English 421 - Apocalypse How? Poetry at the End of Empire
M | 2:35 PM - 5:05 PM
We are living in the end-times of empire and racial capital, and thus, we are experiencing the long brutality of the western world order’s final tantrums. As poets and journalists are assassinated in Gaza for their permission to narrate, as poets in the Global North risk their livelihoods to protest many genocides we are complicit in, and poets in the Global South resist forces of total annihilation daily, this class will honor our living, dead, and the long histories of anti-imperial poetics throughout the 20th and 21st centuries. Contexts we will study include: Palestinian resistance poetry, Vietnamese poetry in the aftermath of the war, Korean anti-colonial poetry, and other poetry of direct witness of, and participation in, resistive efforts in Grenada, Lebanon, Sudan, and other Afro-Asian and global Indigenous contexts. Theory readings may include Glissant, Césaire, Fanon, Simpson, Abourahme, Kanafani, Wynter, and more. Poets we read may include Dionne Brand, Cathy Linh Che, Don Mee Choi, Refaat Alareer, Etel Adnan, Olivia Elias, and more. Assignments will be oriented towards skill-building within the contemporary poetry landscape: writing book reviews on recent poetry collections and public-facing literary criticism that comments on, and historicizes, trends in poetry, and participating in the editorial process of a contemporary poetry anthology with Interlink Books (the only Palestinian-owned book publisher in the US).
Limited to 15 students. Prerequisite: At least one English class at the 300 level or higher (or a 300- or 400-level class in another humanities department). Spring semester. Writer-in-Residence Abraham.

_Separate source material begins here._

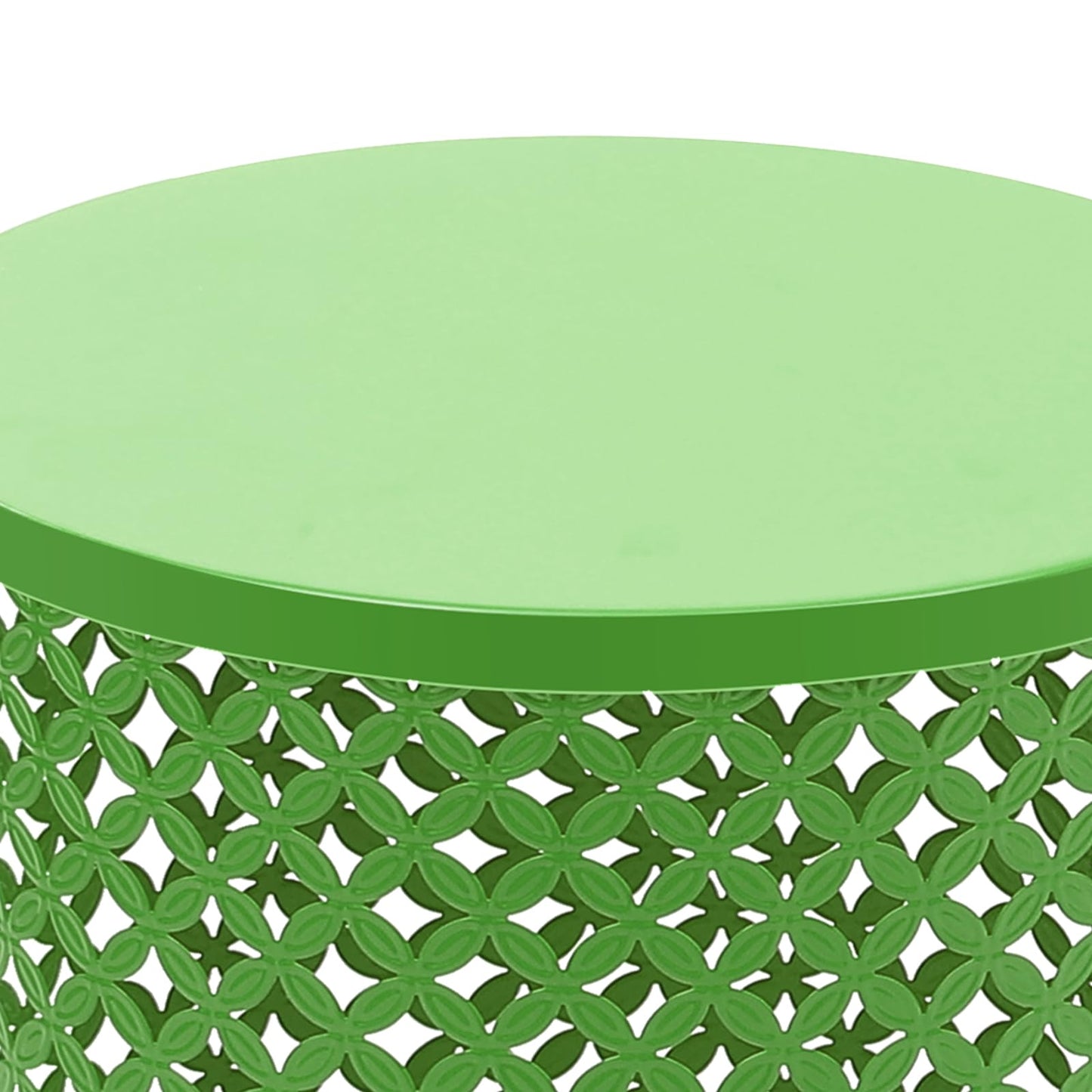 CAIHAOA Set of 2 Outdoor Side Table, Heavy Duty Metal Frame Accent Table, Decorative Garden Stool, Wood Circle Embossed Design, Plant Stand Living Room Garden Stool, Indoor Outdoor Using, Green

How to handle overenrollment: Preference given to English majors, especially with Creative Writing focuses, in the case of over-enrollment.
Students who enroll in this course will likely encounter and be expected to engage in the following intellectual skills, modes of learning, and assessment: emphasis on written work, readings, independent research, oral presentations, group work, and artistic work.